What you will do: Type the listing below out again exactly. No images.

Information given:
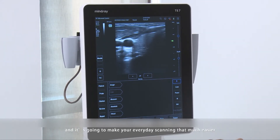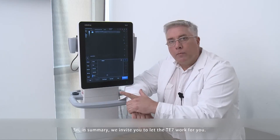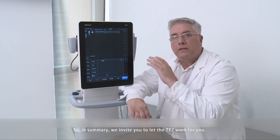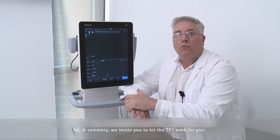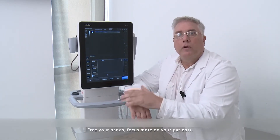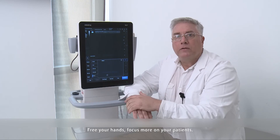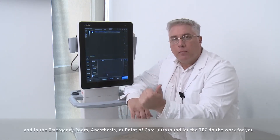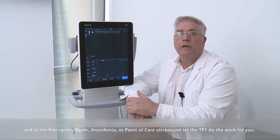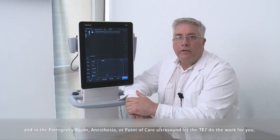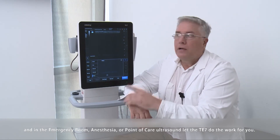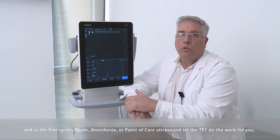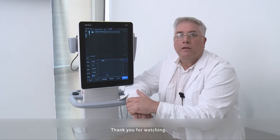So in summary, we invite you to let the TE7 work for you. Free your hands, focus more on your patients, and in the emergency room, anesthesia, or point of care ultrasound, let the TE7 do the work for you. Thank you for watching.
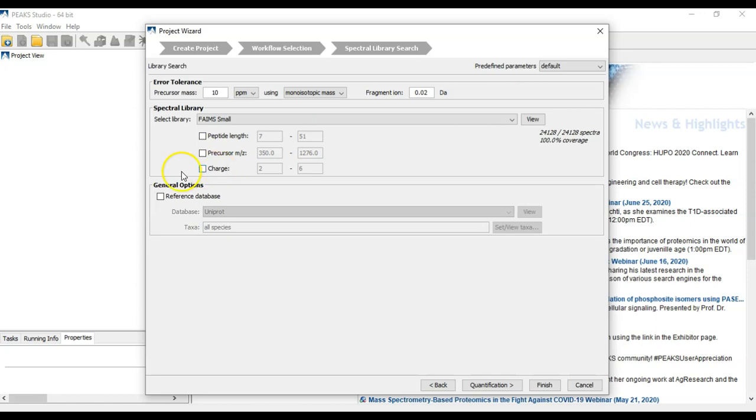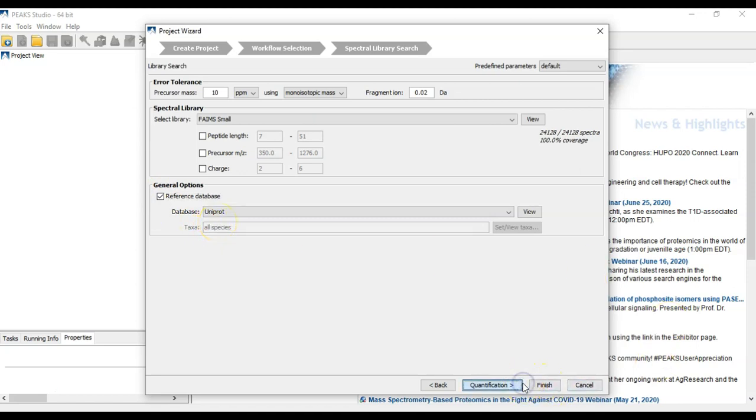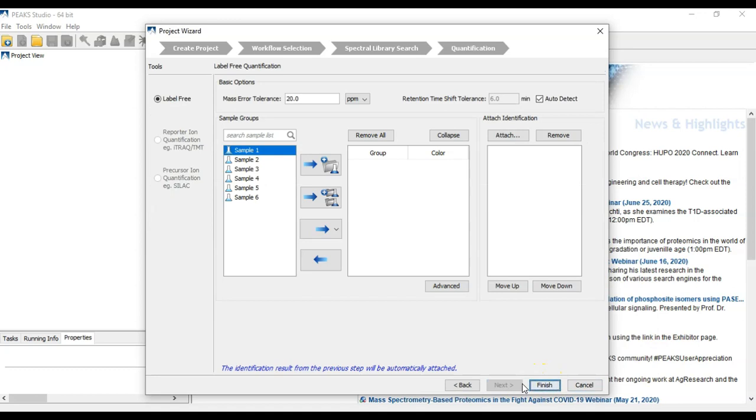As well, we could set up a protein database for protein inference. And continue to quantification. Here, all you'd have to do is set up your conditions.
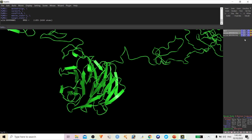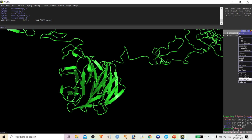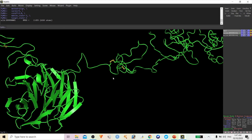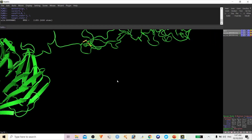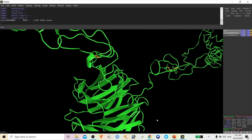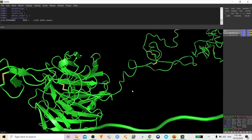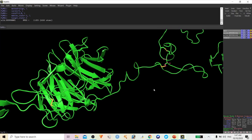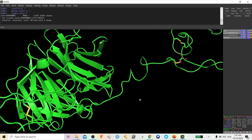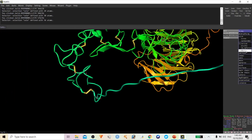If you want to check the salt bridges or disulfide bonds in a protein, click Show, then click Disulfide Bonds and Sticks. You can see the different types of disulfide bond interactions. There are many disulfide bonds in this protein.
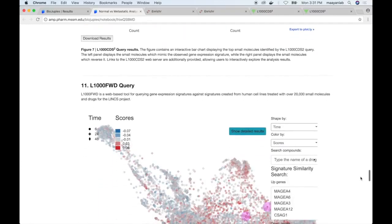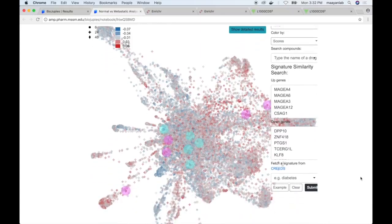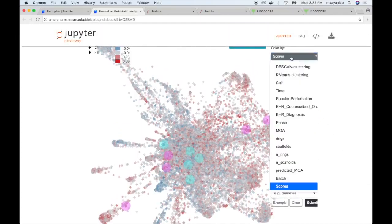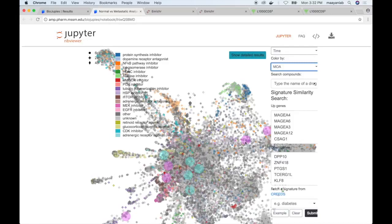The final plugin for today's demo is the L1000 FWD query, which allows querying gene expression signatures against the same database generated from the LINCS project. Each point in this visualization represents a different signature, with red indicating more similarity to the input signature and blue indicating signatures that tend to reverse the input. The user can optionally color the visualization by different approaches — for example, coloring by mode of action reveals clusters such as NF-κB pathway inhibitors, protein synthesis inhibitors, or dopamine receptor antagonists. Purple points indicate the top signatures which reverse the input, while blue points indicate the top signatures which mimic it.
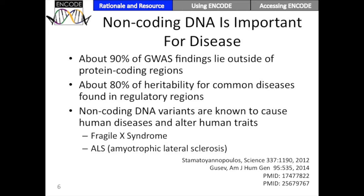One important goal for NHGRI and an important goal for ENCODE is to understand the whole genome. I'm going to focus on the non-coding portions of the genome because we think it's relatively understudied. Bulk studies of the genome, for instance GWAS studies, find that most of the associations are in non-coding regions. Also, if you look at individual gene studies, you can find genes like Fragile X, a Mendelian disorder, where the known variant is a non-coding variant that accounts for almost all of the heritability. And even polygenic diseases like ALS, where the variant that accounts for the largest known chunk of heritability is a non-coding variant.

Answer for the task:
So in summary, we invite you to let the TE7 work for you. Free your hands, focus more on your patients, and in the emergency room, anesthesia, or point of care ultrasound, let the TE7 do the work for you. Thank you for watching.
As well, we could set up a protein database for protein inference. And continue to quantification. Here, all you'd have to do is set up your conditions.
If you want to check the salt bridges or disulfide bonds in a protein, click Show, then click Disulfide Bonds and Sticks. You can see the different types of disulfide bond interactions. There are many disulfide bonds in this protein.
The final plugin for today's demo is the L1000 FWD query, which allows querying gene expression signatures against the same database generated from the LINCS project. Each point in this visualization represents a different signature, with red indicating more similarity to the input signature and blue indicating signatures that tend to reverse the input. The user can optionally color the visualization by different approaches — for example, coloring by mode of action reveals clusters such as NF-κB pathway inhibitors, protein synthesis inhibitors, or dopamine receptor antagonists. Purple points indicate the top signatures which reverse the input, while blue points indicate the top signatures which mimic it.
One important goal for NHGRI and an important goal for ENCODE is to understand the whole genome. I'm going to focus on the non-coding portions of the genome because we think it's relatively understudied. Bulk studies of the genome, for instance GWAS studies, find that most of the associations are in non-coding regions. Also, if you look at individual gene studies, you can find genes like Fragile X, a Mendelian disorder, where the known variant is a non-coding variant that accounts for almost all of the heritability. And even polygenic diseases like ALS, where the variant that accounts for the largest known chunk of heritability is a non-coding variant.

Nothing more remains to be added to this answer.